### [PROBLEM DESCRIPTION]
Reproduce the listing below exactly. Pictures do not belong in the copy.

========

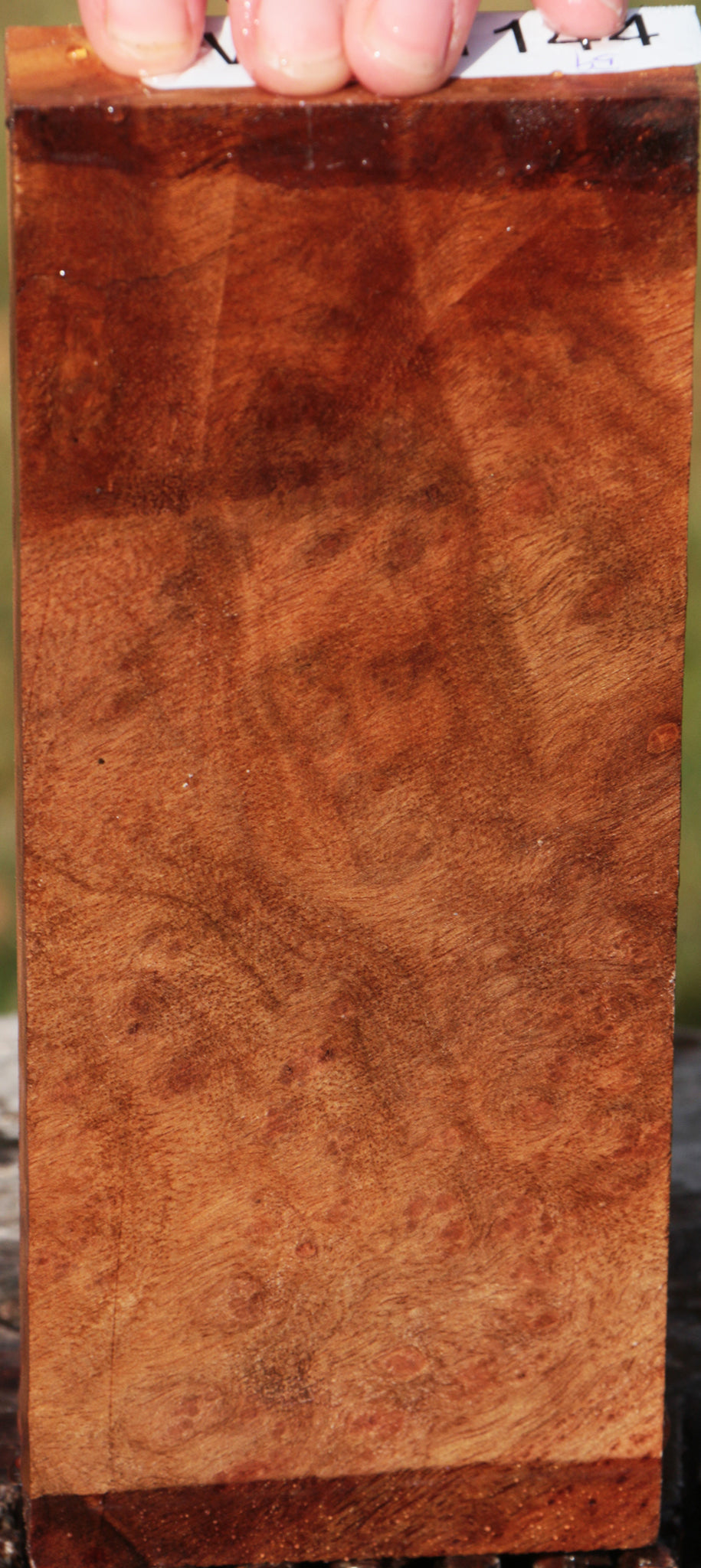 Camphor Burl Lumber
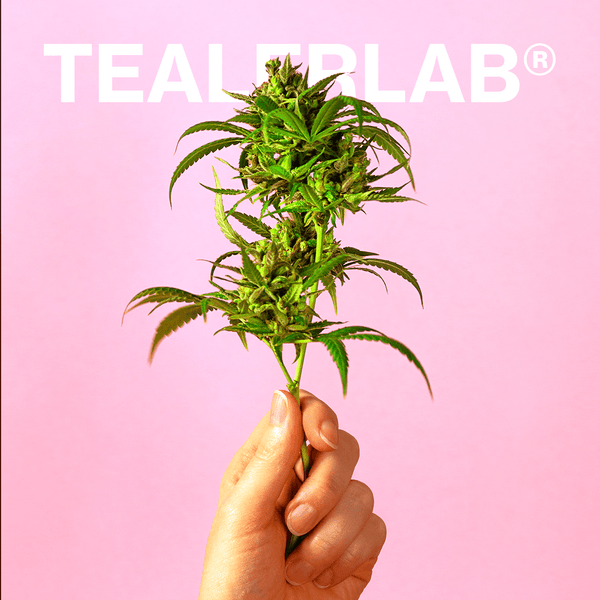 Comment Consommer la Fleur de CBD ? Le Seul Guide Dont Tu as Besoin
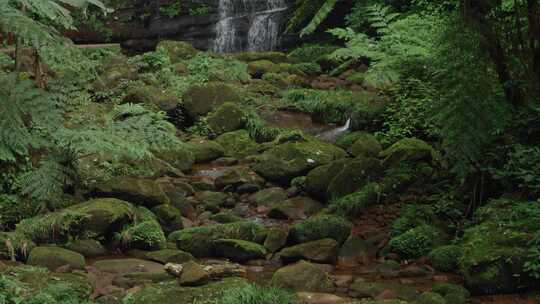 原始森林桫椤秘境溪流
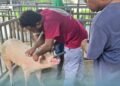 SIART/MALD Pig Breed Improvement Program Makes Progress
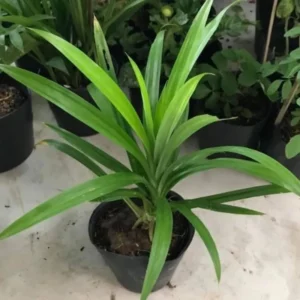 Pandan Plant - Fragrant Leaf Starter Plant Clump, 4-6 Inches Tall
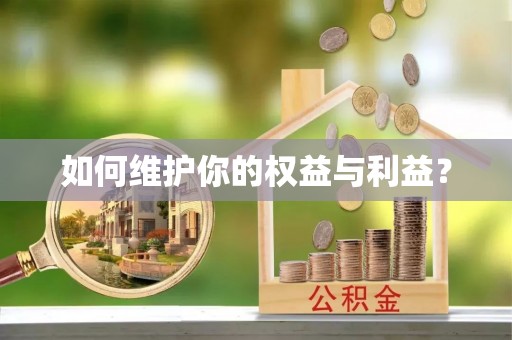 新会如何维护你的权益与利益？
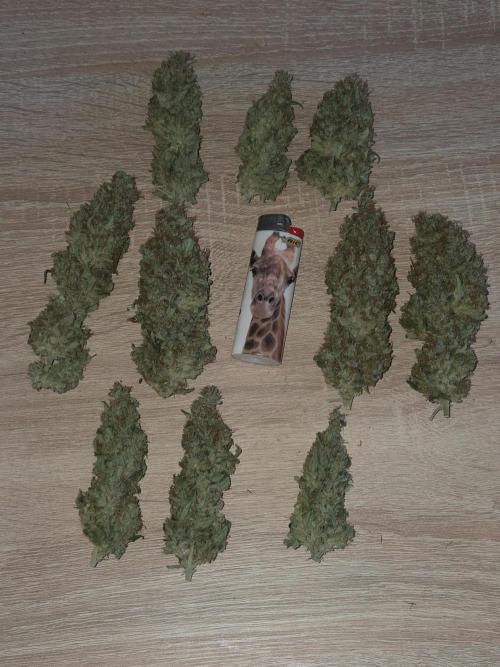 Skywalker OG. Week 15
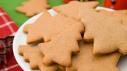 Spicy Gingerbread Cookies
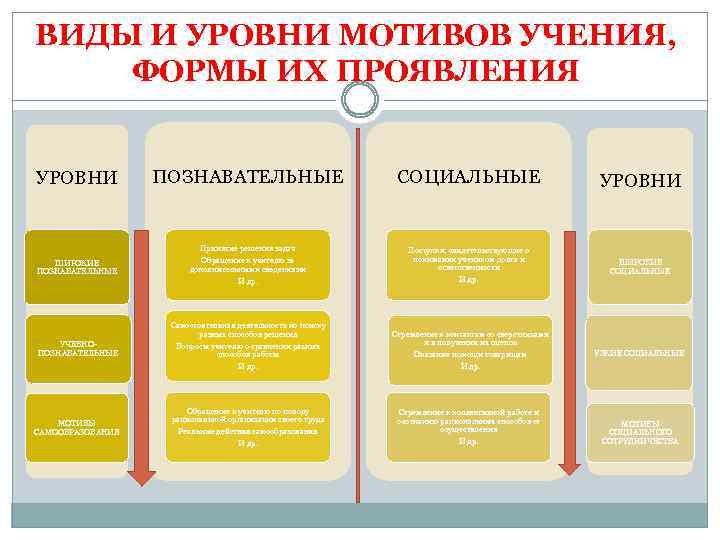 ВИДЫ И УРОВНИ МОТИВОВ УЧЕНИЯ, ФОРМЫ ИХ ПРОЯВЛЕНИЯ УРОВНИ ПОЗНАВАТЕЛЬНЫЕ СОЦИАЛЬНЫЕ УРОВНИ ШИРОКИЕ ПОЗНАВАТЕЛЬНЫЕ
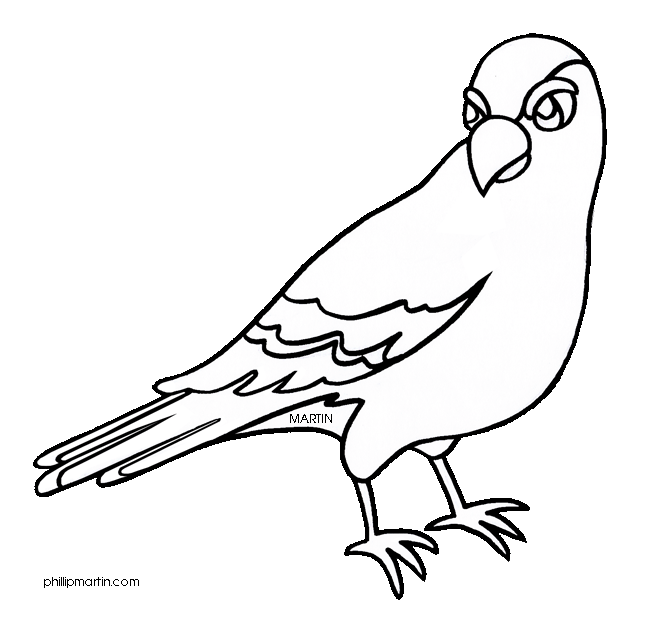 Colorado Drawing Coloring Page Transparent & PNG Clipart Free ...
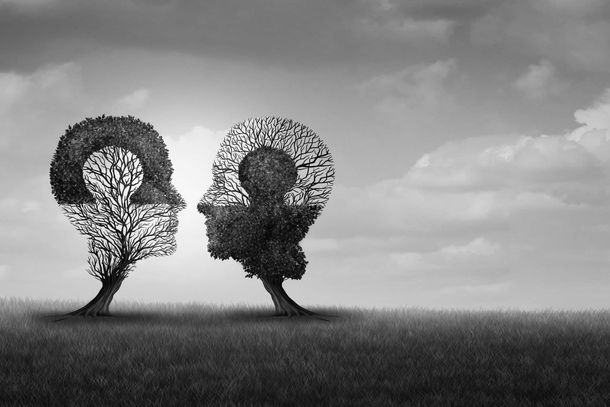 Una fotografía en blanco y negro de dos árboles con forma de cabeza en un campo.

========

### [SOLUTION FOR THIS PROBLEM]
 Camphor Burl Lumber
 Comment Consommer la Fleur de CBD ? Le Seul Guide Dont Tu as Besoin
 原始森林桫椤秘境溪流
 SIART/MALD Pig Breed Improvement Program Makes Progress
 Pandan Plant - Fragrant Leaf Starter Plant Clump, 4-6 Inches Tall
 新会如何维护你的权益与利益？
 Skywalker OG. Week 15
 Spicy Gingerbread Cookies
 ВИДЫ И УРОВНИ МОТИВОВ УЧЕНИЯ, ФОРМЫ ИХ ПРОЯВЛЕНИЯ УРОВНИ ПОЗНАВАТЕЛЬНЫЕ СОЦИАЛЬНЫЕ УРОВНИ ШИРОКИЕ ПОЗНАВАТЕЛЬНЫЕ
 Colorado Drawing Coloring Page Transparent & PNG Clipart Free ...
 Una fotografía en blanco y negro de dos árboles con forma de cabeza en un campo.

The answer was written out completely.